Mechanisms and Preventative Strategies for Persistent Pain following Knee and Hip Joint Replacement Surgery: A Narrative Review.


Murphy J, Pak S, Shteynman L, Winkeler I, Jin Z, Kaczocha M, Bergese SD


Chronic postsurgical pain (CPSP) following total knee arthroplasty (TKA) and total hip arthroplasty (THA) is a prevalent complication of joint replacement surgery which has the potential to decrease patient satisfaction, increase financial burden, and lead to long-term disability. The identification of risk factors for CPSP following TKA and THA is challenging but essential for targeted preventative therapy. Recent meta-analyses and individual studies highlight associations between elevated state anxiety, depression scores, preoperative pain, diabetes, sleep disturbances, and various other factors with an increased risk of CPSP, with differences observed in prevalence between TKA and THA. While the etiology of CPSP is not fully understood, several factors such as chronic inflammation and preoperative central sensitization have been identified. Other potential mechanisms include genetic factors (e.g., catechol-O-methyltransferase (COMT) and potassium inwardly rectifying channel subfamily J member 6 (KCNJ6) genes), lipid markers, and psychological risk factors (anxiety and depression). With regards to therapeutics and prevention, multimodal pharmacological analgesia, emphasizing nonopioid analgesics like acetaminophen and non-steroidal anti-inflammatory drugs (NSAIDs), has gained prominence over epidural analgesia.

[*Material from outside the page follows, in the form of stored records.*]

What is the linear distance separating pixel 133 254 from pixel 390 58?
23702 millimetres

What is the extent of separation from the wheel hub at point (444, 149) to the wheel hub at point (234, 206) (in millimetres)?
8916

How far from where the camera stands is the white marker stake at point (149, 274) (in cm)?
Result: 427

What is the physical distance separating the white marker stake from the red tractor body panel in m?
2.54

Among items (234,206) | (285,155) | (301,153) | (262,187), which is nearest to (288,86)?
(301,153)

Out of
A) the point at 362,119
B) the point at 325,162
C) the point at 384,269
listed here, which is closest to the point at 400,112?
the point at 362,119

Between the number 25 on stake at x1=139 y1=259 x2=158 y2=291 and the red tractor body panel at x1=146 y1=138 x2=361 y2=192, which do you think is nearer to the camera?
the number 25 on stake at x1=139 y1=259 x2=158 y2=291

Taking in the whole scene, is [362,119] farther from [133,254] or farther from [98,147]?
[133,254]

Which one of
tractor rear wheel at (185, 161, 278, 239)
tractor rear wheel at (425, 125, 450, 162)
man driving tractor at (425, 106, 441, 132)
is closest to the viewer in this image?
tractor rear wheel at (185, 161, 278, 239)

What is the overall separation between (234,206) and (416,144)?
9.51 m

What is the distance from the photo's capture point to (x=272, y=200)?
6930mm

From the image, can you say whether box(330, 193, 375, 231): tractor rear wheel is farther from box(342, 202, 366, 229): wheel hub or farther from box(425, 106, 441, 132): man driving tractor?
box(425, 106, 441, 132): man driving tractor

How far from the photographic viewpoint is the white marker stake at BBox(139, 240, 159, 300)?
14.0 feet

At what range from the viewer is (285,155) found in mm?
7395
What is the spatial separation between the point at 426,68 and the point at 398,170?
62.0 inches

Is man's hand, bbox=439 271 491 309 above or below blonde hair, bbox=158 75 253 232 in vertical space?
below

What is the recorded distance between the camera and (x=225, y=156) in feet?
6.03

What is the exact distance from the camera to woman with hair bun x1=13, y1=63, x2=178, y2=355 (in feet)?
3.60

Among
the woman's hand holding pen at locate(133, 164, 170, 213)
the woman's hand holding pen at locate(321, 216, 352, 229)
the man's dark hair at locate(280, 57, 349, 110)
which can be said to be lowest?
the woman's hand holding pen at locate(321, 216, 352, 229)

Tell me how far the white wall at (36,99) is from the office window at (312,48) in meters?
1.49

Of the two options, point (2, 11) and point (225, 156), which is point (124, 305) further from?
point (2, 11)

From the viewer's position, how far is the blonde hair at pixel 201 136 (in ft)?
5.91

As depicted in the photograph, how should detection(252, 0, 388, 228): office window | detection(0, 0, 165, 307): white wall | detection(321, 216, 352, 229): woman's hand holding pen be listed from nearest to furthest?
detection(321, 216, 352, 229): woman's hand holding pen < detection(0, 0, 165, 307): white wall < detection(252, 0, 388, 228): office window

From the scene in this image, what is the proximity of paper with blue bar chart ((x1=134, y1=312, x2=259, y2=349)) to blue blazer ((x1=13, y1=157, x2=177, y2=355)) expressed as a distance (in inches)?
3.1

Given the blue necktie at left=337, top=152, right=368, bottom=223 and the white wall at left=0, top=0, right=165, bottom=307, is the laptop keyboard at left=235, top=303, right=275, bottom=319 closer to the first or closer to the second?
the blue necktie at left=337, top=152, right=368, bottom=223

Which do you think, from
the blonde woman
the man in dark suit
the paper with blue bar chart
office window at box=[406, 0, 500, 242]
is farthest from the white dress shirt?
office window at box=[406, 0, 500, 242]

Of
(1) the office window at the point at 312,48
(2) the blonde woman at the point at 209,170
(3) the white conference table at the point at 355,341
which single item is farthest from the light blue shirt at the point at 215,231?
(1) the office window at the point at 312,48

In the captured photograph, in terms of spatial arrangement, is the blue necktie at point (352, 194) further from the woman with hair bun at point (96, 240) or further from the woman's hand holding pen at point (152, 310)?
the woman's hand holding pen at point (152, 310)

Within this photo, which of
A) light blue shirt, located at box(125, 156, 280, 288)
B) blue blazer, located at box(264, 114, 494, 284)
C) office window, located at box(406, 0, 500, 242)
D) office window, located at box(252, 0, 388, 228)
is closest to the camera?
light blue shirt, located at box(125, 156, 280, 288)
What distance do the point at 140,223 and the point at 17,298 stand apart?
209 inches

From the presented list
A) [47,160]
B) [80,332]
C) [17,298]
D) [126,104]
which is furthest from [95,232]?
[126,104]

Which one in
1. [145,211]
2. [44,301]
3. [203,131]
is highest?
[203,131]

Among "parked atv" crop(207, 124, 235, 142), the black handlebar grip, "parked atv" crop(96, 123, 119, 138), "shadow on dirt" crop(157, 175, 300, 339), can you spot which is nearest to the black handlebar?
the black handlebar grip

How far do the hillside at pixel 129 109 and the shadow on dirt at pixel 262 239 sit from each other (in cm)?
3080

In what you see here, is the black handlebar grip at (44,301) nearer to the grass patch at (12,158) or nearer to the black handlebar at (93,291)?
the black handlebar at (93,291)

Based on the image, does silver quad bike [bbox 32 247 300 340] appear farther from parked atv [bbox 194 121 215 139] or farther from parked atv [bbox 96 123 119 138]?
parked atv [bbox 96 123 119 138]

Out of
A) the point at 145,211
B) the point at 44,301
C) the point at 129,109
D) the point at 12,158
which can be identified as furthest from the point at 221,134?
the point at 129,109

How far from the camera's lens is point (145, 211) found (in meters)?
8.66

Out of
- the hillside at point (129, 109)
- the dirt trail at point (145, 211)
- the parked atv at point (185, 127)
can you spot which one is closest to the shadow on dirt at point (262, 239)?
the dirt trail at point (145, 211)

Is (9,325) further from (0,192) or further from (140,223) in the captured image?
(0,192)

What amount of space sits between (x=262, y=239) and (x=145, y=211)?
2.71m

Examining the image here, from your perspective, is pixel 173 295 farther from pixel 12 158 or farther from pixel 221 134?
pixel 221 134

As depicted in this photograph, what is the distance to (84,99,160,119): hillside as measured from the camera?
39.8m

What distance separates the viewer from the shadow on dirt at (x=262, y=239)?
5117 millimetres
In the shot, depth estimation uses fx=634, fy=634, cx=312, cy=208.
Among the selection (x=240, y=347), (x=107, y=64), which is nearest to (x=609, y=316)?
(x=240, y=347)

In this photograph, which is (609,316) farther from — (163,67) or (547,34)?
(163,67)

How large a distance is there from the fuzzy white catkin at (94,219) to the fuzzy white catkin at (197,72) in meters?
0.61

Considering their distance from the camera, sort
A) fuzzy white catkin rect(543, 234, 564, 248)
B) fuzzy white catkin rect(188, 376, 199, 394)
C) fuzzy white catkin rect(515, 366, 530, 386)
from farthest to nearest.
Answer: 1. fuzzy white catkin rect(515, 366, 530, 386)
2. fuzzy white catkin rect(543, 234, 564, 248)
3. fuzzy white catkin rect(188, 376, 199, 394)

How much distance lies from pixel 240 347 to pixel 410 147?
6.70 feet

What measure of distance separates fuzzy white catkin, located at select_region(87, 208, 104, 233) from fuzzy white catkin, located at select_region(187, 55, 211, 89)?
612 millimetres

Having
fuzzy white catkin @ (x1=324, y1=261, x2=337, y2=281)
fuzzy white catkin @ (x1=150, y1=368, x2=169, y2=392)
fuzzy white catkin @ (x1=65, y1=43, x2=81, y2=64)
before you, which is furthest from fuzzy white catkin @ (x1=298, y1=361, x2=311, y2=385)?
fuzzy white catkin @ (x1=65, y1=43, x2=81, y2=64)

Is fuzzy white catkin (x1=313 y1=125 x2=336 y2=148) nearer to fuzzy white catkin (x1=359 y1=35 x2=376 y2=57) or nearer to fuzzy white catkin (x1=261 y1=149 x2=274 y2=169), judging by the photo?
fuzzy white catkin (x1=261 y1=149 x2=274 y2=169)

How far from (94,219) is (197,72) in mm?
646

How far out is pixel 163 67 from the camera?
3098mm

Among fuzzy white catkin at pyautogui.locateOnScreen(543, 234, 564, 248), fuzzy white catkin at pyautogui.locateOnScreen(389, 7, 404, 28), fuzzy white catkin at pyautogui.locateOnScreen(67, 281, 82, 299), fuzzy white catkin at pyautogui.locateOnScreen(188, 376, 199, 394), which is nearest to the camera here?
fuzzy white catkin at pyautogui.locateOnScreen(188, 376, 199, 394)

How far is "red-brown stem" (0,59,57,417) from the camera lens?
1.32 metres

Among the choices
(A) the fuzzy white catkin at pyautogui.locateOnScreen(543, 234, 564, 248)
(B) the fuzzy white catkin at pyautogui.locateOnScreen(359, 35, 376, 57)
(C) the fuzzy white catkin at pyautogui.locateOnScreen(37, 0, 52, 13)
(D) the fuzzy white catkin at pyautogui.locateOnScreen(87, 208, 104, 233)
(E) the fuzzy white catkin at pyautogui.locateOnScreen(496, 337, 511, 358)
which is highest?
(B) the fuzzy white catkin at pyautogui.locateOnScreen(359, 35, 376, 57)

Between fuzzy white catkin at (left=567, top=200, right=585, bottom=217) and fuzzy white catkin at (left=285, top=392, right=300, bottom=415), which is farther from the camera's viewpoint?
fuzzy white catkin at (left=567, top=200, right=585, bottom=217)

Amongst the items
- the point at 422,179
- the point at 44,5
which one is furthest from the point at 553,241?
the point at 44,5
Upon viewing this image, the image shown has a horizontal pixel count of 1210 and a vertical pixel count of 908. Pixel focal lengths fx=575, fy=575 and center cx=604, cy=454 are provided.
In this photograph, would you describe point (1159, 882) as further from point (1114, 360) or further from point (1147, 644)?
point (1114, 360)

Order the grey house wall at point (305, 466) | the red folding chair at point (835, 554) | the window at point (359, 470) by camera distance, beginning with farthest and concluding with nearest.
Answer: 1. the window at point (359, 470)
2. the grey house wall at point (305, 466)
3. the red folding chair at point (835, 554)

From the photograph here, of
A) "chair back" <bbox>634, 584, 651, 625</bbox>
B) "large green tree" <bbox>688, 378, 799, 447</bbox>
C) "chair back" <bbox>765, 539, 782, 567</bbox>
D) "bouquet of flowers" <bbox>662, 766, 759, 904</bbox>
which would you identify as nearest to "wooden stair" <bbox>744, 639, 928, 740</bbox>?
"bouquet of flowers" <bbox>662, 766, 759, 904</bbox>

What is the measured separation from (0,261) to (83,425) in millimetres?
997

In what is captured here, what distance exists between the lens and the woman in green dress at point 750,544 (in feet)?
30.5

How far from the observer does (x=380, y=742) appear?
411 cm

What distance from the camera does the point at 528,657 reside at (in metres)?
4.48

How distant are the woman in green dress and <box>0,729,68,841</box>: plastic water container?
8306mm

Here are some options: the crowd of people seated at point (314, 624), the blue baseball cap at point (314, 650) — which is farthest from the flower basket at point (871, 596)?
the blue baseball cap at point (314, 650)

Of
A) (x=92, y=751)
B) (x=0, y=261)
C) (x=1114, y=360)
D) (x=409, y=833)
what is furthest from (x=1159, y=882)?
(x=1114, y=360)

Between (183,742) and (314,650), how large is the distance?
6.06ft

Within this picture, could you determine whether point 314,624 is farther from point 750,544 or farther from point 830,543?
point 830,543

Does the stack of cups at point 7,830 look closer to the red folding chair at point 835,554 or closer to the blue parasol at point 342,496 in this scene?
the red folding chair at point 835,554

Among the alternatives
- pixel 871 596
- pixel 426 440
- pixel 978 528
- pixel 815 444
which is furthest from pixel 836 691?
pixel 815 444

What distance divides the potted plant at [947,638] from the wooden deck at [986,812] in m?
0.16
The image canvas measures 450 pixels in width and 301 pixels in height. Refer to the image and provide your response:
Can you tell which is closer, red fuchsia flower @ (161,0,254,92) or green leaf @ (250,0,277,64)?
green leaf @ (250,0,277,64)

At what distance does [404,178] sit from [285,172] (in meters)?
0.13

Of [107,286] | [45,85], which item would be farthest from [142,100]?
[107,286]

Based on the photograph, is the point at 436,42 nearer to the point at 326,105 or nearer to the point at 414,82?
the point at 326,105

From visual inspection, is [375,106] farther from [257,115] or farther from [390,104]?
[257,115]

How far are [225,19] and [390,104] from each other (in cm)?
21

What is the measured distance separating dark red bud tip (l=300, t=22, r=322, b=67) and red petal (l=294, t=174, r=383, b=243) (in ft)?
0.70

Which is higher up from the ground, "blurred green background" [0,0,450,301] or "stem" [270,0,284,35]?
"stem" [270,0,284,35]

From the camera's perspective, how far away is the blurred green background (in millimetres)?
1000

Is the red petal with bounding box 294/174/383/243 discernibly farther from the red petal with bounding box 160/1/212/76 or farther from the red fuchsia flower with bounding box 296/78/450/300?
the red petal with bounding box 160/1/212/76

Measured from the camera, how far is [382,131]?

Nerve blocks and local infiltrative anesthesia have shown mixed results in preventing CPSP. Ketamine, an N-methyl-D-aspartate (NMDA)-receptor antagonist, exhibits antihyperalgesic properties, but its efficacy in reducing CPSP is inconclusive. Lidocaine, an amide-type local anesthetic, shows tentative positive effects on CPSP. Selective serotonin reuptake inhibitors (SSRIs) and serotonin norepinephrine reuptake inhibitors (SNRIs) have mixed results, while gabapentinoids, like gabapentin and pregabalin, present hopeful data but require further research, especially in the context of TKA and THA, to justify their use for CPSP prevention.